2- Cümle olan sıfatlar: Üçe ayrılır: 1- İsim cümlesi olan sıfatlar, 2- Fiil cümlesi olan sıfatlar, 3- Şibhi cümle olan sıfatlar.
Nekre isimden sonra gelen cümle veya şibhi cümle sıfat olur. Marife isimden sonra gelen cümle veya şibhi cümle hal olur. Ayette müfred şeklindedir. (Arapça Dilbilgisi Ayetlerle Nahiv Bilgisi)
وَاِنْ كَانَ مِثْقَالَ حَبَّةٍ مِنْ خَرْدَلٍ اَتَيْنَا بِهَاۜ
وَ atıf harfidir. Matuf ile matufun aleyhin hükümde ortak olduğunu belirtir. İkisi arasında tertip (sıra) olduğunu göstermez. Vav ile yapılan atıfta matuf ile matufun aleyh yer değiştirebilir. (Arapça Dilbilgisi Ayetlerle Nahiv Bilgisi)
اِنْ iki muzari fiili cezm eden şart harfidir. Şart ve cevap cümlesinde şartın vuku bulma ihtimali şüpheli veya zayıfsa kullanılır. (Arapça Dilbilgisi Ayetlerle Nahiv Bilgisi)
İsim cümlesidir. كَانَ nakıs, mebni mazi fiildir. İsim cümlesinin önüne geldiğinde ismini ref haberini nasb eder. كَانَ ’nin dahil olduğu isim cümlesi şart cümlesidir. Mahallen meczumdur.
كَانَ ’nin ismi, müstetir olup takdiri هُو ’dir. مِثْقَالَ kelimesi كَانَ ’nin haberi olup fetha ile mansubdur. Aynı zamanda muzâftır. حَبَّةٍ muzâfun ileyh olup kesra ile mecrurdur. مِنْ خَرْدَلٍ car mecruru حَبَّةٍ ’nin mahzuf sıfatına mütealliktir.
فَ karinesi olmadan gelen اَتَيْنَا بِهَا cümlesi şartın cevabıdır.
اَتَيْنَا sükun üzere mebni mazi fiildir. Mütekellim zamiri نَا fail olarak mahallen merfûdur. بِهَا car mecruru اَتَيْنَا fiiline mütealliktir.
Şart ve cevap fiilleri mazi de muzari de gelebilir. Ancak aslolan ikisinin de muzari gelmesidir. Cevap cümlesi ise mazi ve muzari cümleleriyle gelebildiği gibi diğer cümlelerle de gelebilir.
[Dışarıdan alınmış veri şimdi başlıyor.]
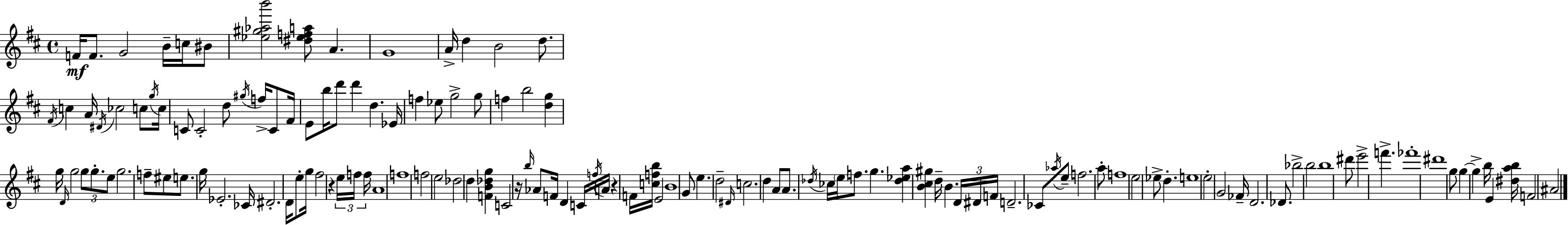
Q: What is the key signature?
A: D major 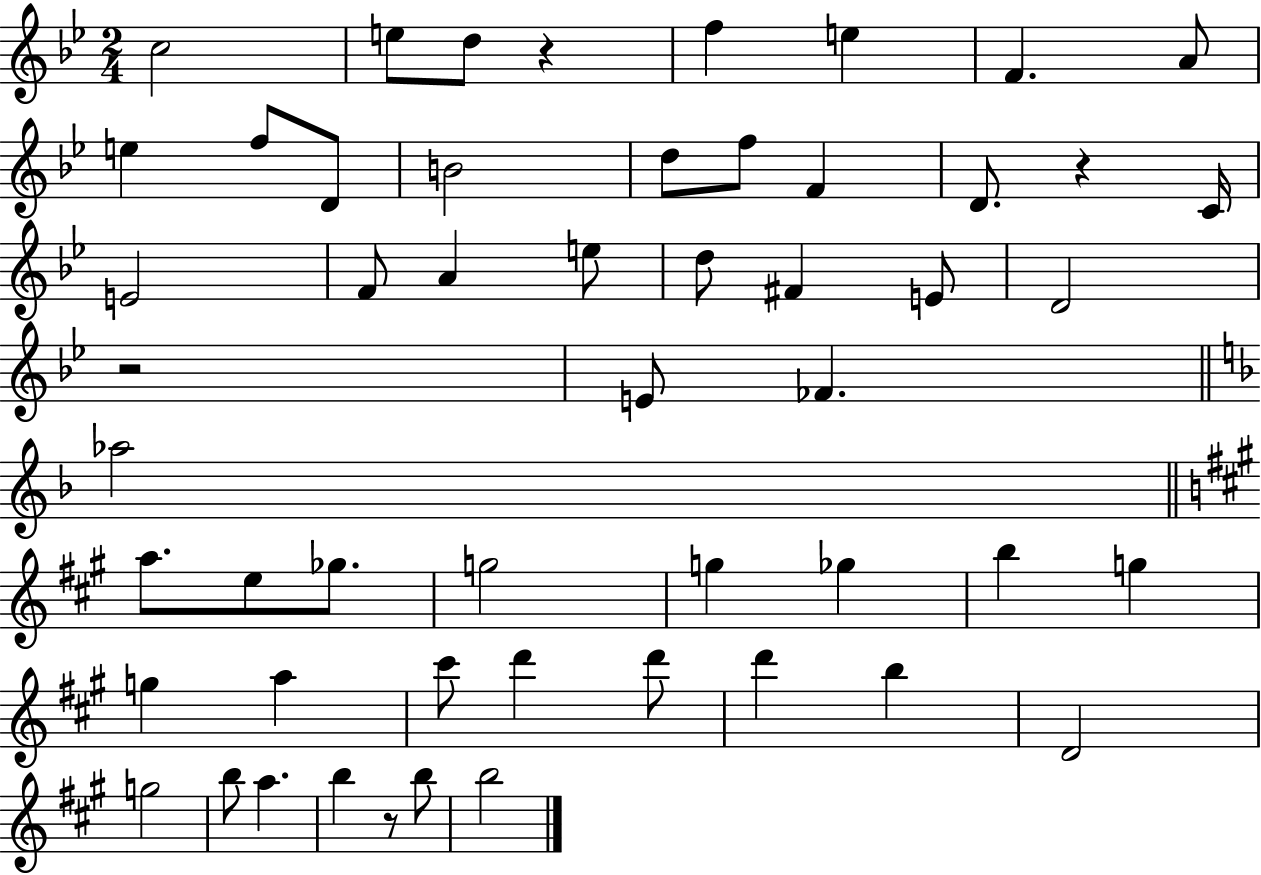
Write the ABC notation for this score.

X:1
T:Untitled
M:2/4
L:1/4
K:Bb
c2 e/2 d/2 z f e F A/2 e f/2 D/2 B2 d/2 f/2 F D/2 z C/4 E2 F/2 A e/2 d/2 ^F E/2 D2 z2 E/2 _F _a2 a/2 e/2 _g/2 g2 g _g b g g a ^c'/2 d' d'/2 d' b D2 g2 b/2 a b z/2 b/2 b2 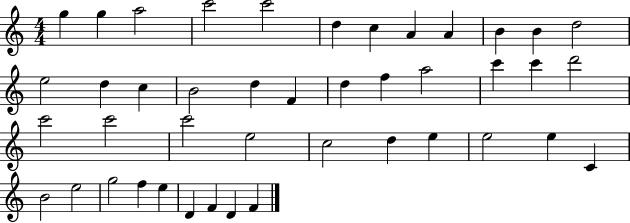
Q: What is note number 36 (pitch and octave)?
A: E5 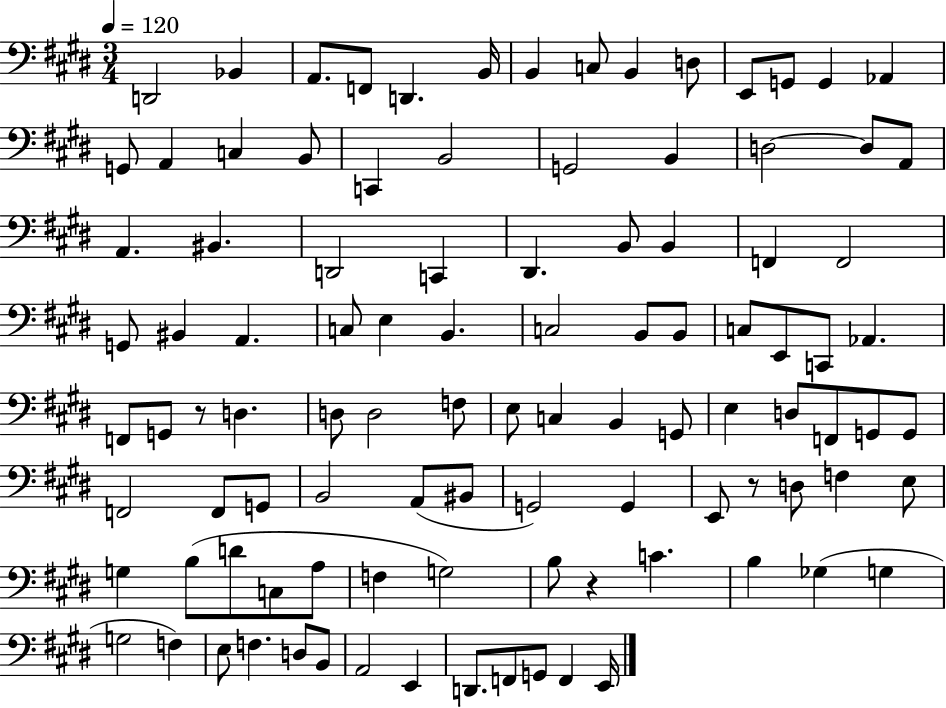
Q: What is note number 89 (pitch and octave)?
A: E3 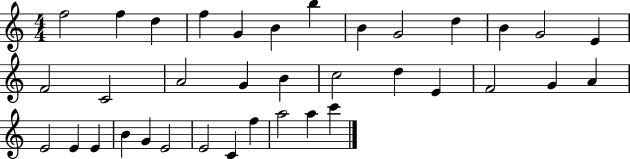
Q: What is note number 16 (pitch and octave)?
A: A4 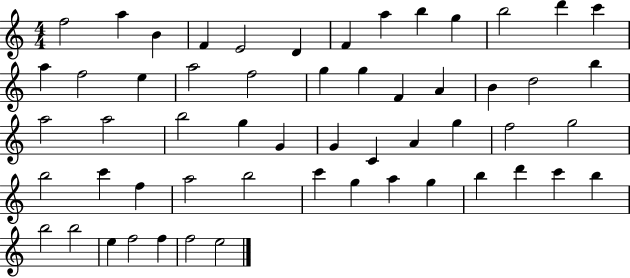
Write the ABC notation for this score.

X:1
T:Untitled
M:4/4
L:1/4
K:C
f2 a B F E2 D F a b g b2 d' c' a f2 e a2 f2 g g F A B d2 b a2 a2 b2 g G G C A g f2 g2 b2 c' f a2 b2 c' g a g b d' c' b b2 b2 e f2 f f2 e2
Cevap cümlesi; başına hiçbir edat gelmeyen olumlu mazi ve muzari olarak geldiğinde başına cevap (rabıt ف ’si) gelmez. Ayrıca لَمْ (cahd-ı mutlak) ve لَا (nefyi istikbal) ile menfi olan muzari olarak geldiğinde de umumiyetle başına cevap (rabıt ف ’si) gelmez, bunun haricinde gelen cümle çeşitlerinde ise umumiyetle başına cevap (rabıt ف ’si) gelir. (Arapça Dilbilgisi Ayetlerle Nahiv Bilgisi)
وَكَفٰى بِنَا حَاسِب۪ينَ
Fiil cümlesidir. وَ istînâfiyyedir. كَفٰى elif üzere mukadder fetha ile mebni mazi fiildir. Faili müstetir olup takdiri هو ’dir. بِ harf-i ceri zaiddir. نَا mütekellim zamiri كَفٰى fiilinin faili olarak mahallen merfûdur. حَاسِب۪ينَ kelimesi, نَا mütekellim zamirinin hali olup nasb alameti ي ’dir. Cemi müzekker salim kelimeler harfle îrablanır.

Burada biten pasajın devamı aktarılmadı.